## The problem
Omit all images, then repeat exactly the lines below from the one containing "Спот (точечный светильник)" through the one containing "Apartamento para locação, Residencial", both ends included.

## Dataset extract

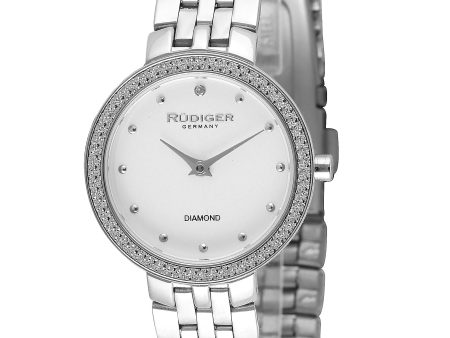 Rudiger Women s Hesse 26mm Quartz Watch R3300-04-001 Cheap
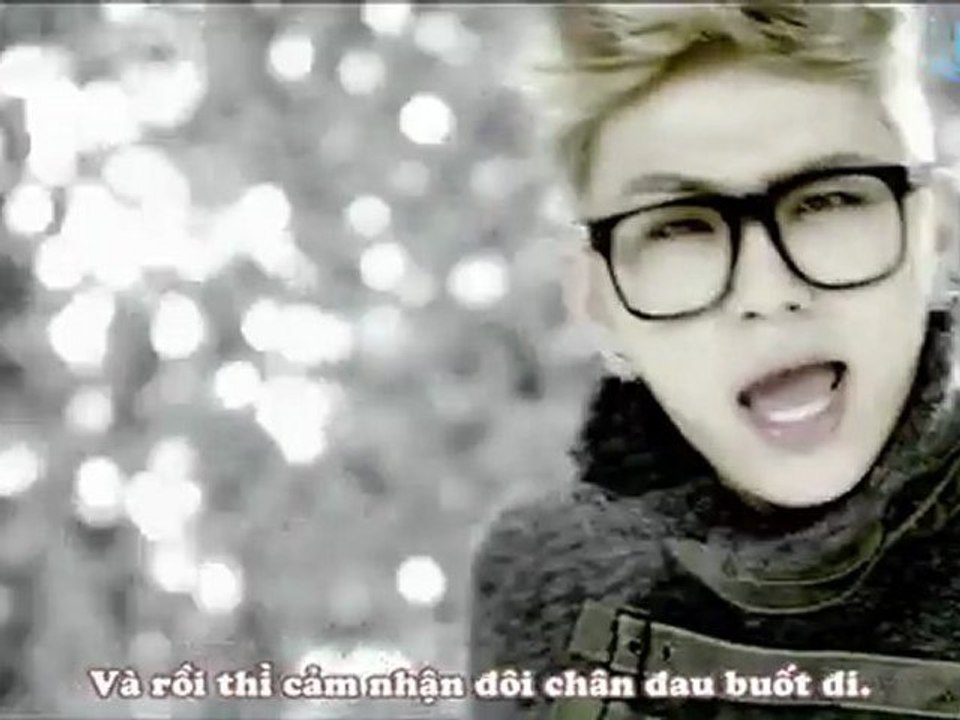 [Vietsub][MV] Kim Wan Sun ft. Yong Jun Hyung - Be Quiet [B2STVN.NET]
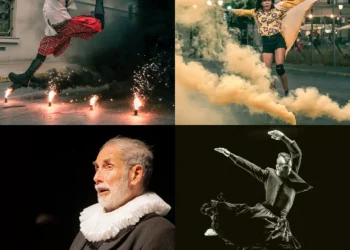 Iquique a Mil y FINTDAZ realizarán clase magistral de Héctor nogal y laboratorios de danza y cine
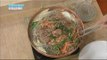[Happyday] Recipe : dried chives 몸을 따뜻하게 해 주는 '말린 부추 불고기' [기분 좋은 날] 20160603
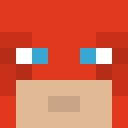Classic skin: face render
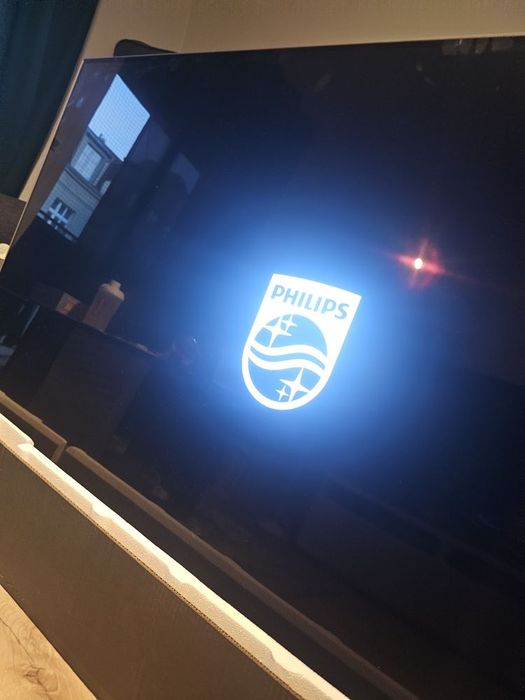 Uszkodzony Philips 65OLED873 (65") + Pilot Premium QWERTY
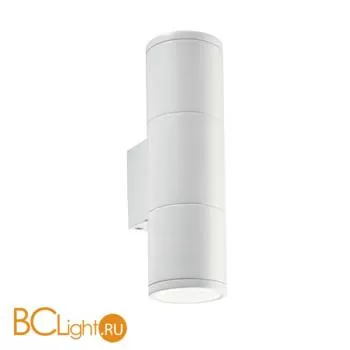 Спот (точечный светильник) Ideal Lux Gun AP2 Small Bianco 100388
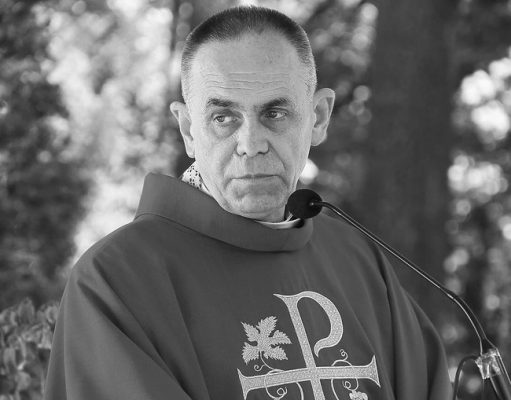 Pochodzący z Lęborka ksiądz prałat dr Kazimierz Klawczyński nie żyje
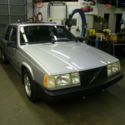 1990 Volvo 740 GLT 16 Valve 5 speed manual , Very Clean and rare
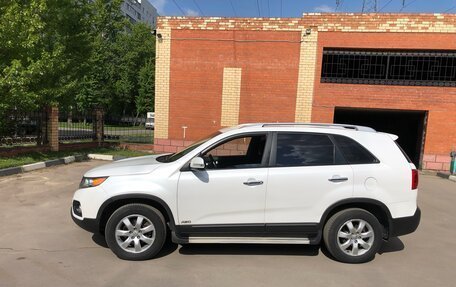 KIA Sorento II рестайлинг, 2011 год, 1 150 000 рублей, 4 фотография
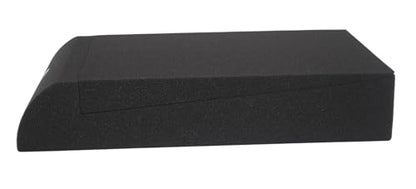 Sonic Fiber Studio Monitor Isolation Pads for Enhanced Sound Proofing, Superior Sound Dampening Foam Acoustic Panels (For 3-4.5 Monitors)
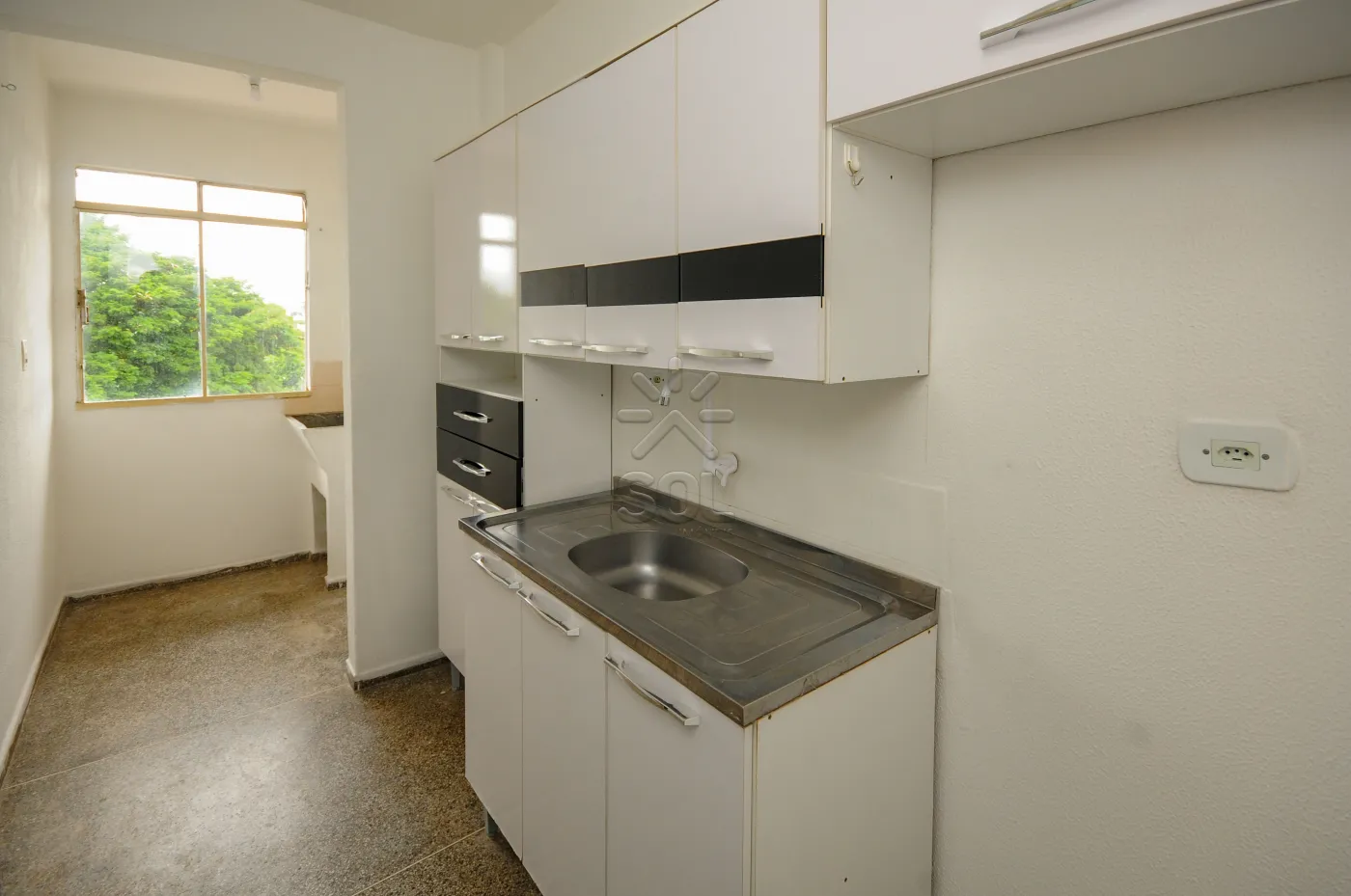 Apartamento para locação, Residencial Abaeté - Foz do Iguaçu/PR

==

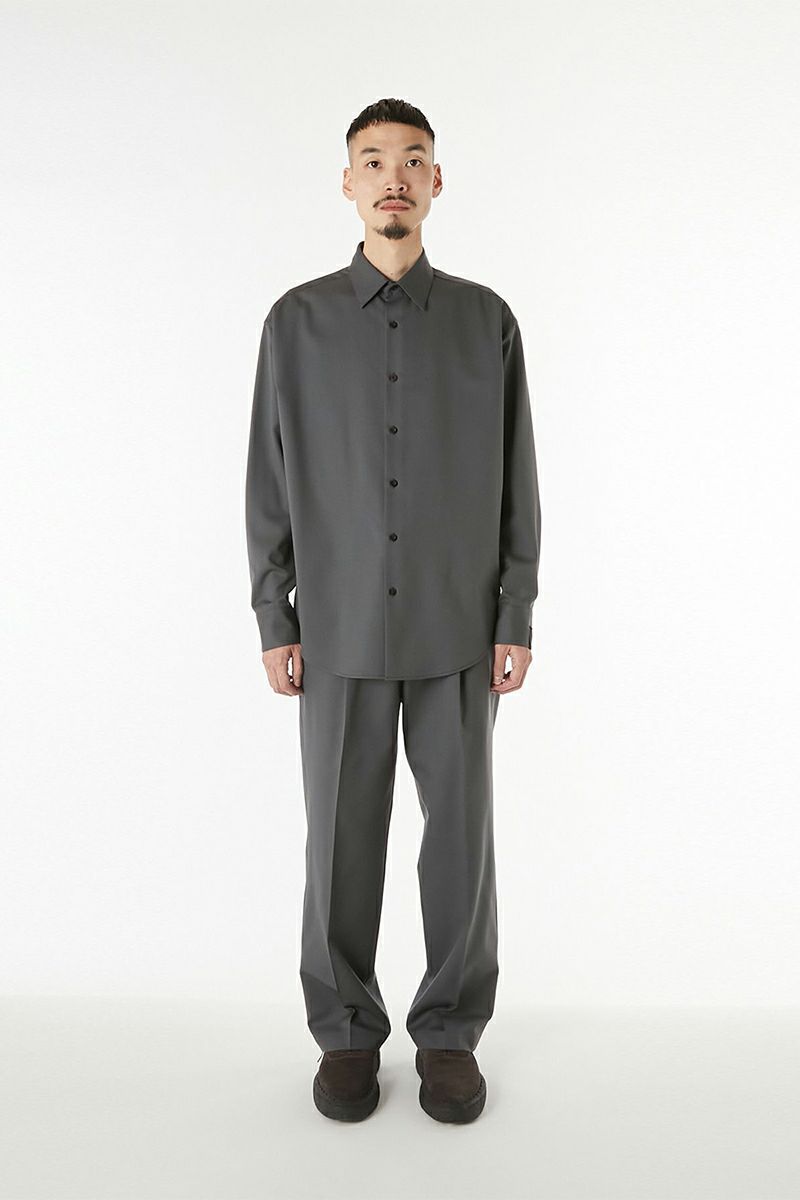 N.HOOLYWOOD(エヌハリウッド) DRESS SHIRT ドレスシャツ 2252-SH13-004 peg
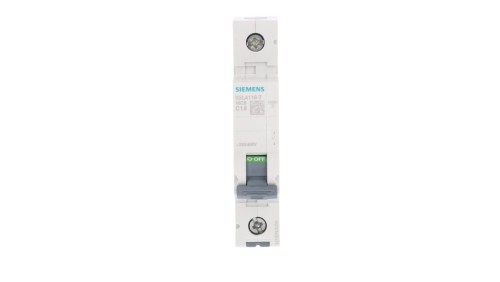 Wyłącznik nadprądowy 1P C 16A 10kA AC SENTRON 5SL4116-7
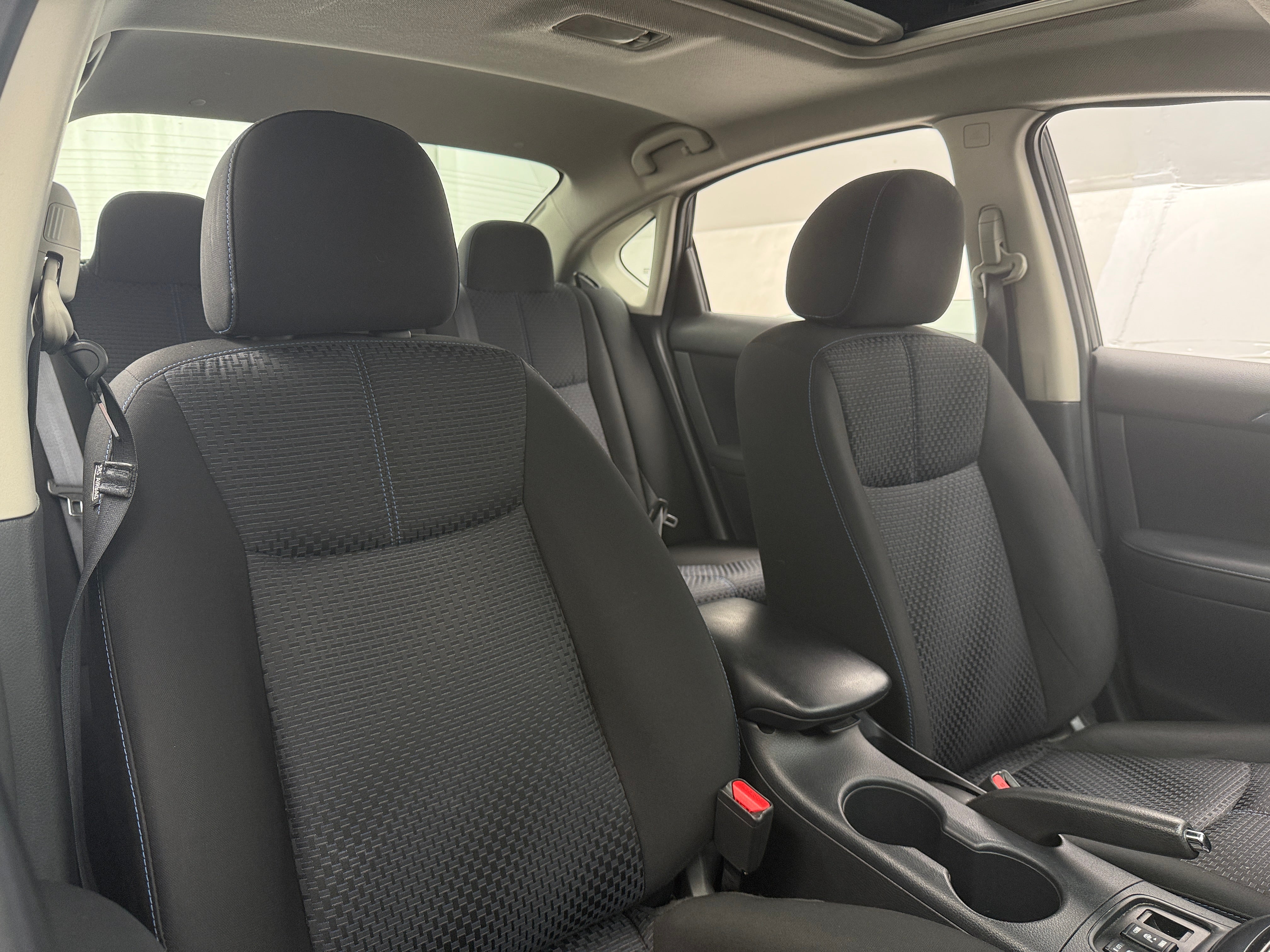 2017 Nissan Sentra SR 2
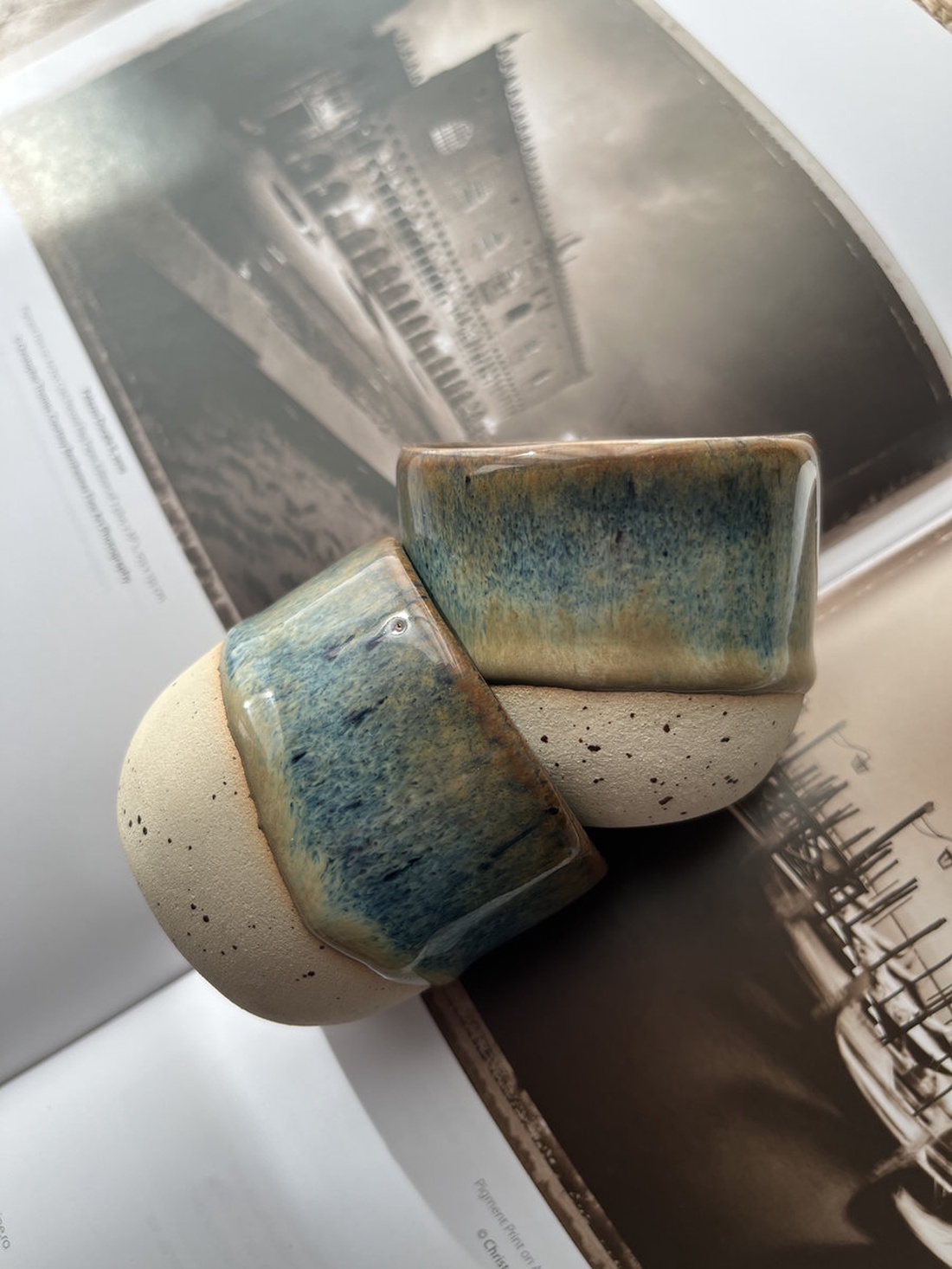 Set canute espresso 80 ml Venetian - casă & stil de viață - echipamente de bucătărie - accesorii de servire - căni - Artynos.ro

## Solution to the problem
 Спот (точечный светильник) Ideal Lux Gun AP2 Small Bianco 100388
 Pochodzący z Lęborka ksiądz prałat dr Kazimierz Klawczyński nie żyje
 1990 Volvo 740 GLT 16 Valve 5 speed manual , Very Clean and rare
 KIA Sorento II рестайлинг, 2011 год, 1 150 000 рублей, 4 фотография
 Sonic Fiber Studio Monitor Isolation Pads for Enhanced Sound Proofing, Superior Sound Dampening Foam Acoustic Panels (For 3-4.5 Monitors)
 Apartamento para locação, Residencial Abaeté - Foz do Iguaçu/PR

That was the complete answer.